# anyone ever use D- Bol



## biggunz (Dec 28, 2003)

was wondering if anyone had ever done a cycle of D-Bol I have been reading about it and went to their website and sdi sells. It just seems to good to be true. They seem to advertise like Muscletech in regards to results. Just wondering if it is a legit site and ph. Also it says it comes with a money back garuntee any info would help


----------



## 100%legalmass (Dec 28, 2003)

You would be wasting you money if you bought it. There are a lot better Phs thatn the ones from SDI labs.


----------



## Power Rabbit (Dec 28, 2003)

am i missing something here? Acutal D-bol is a true illegal steroid. Are you talking about some PH useing D-bol as a a name? If u are i wouldnt buy it out of princible.
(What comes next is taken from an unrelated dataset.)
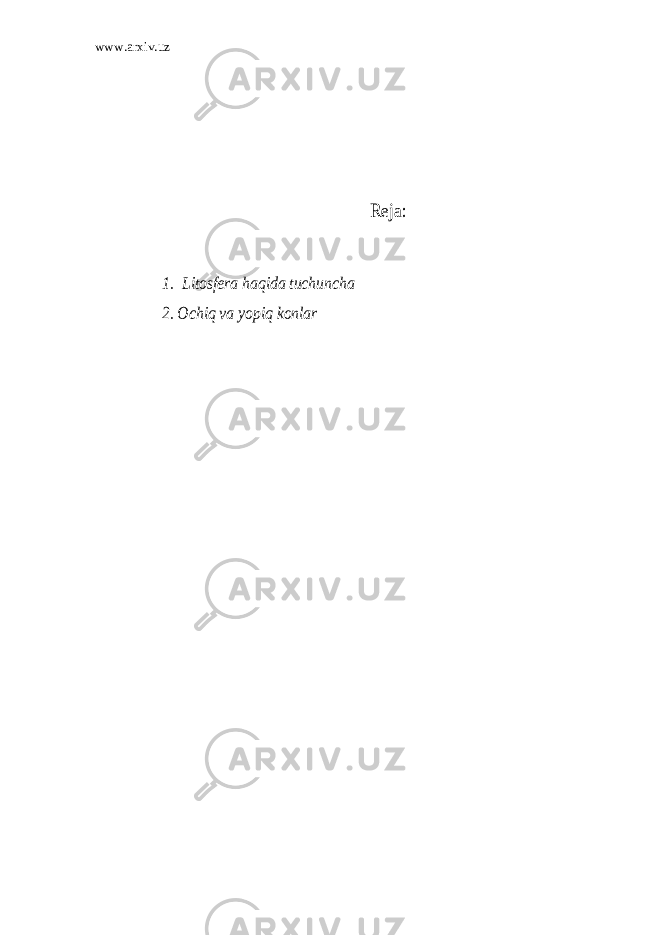 www.arxiv.uzReja: 1. Litosfera haqida tuchuncha 2. Ochiq va yopiq konlar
I hate when a PH company uses 'gear' names.


----------



## prolangtum (Dec 28, 2003)

hes talking about SDI labs Dbol.  Its crap Its just overpriced low doses of andro and 4-ad


----------



## 100%legalmass (Dec 28, 2003)

He is talking about legalsteroid.com which are SDI labs products.
I think that we are on the same page.


----------



## Power Rabbit (Dec 28, 2003)

oh...then look at the more reputable ph companies bro... ergopharm is top notch...dermabolics is a fine company ...and 1fast400.com is a wonderful site to buy em from


----------



## QuestionGuy (Dec 28, 2003)

how old r u man ?, tell us a little bit about urself experience, weight...............etc.........., well, i can tell you this they WILL give ur money back if you send the unused or used product... why not try it, but remeber it is a suplement so you need to do diet and exercise... with it


----------



## Mudge (Dec 28, 2003)

I can't recall hearing a single positive comment about them, and that is being 100% honest.


----------



## Big T (Apr 17, 2005)

I am thinking about ordering that stuff.....but i was wondering if anyone new about any better supplements>????


----------



## topolo (Apr 17, 2005)

they sre shit!


----------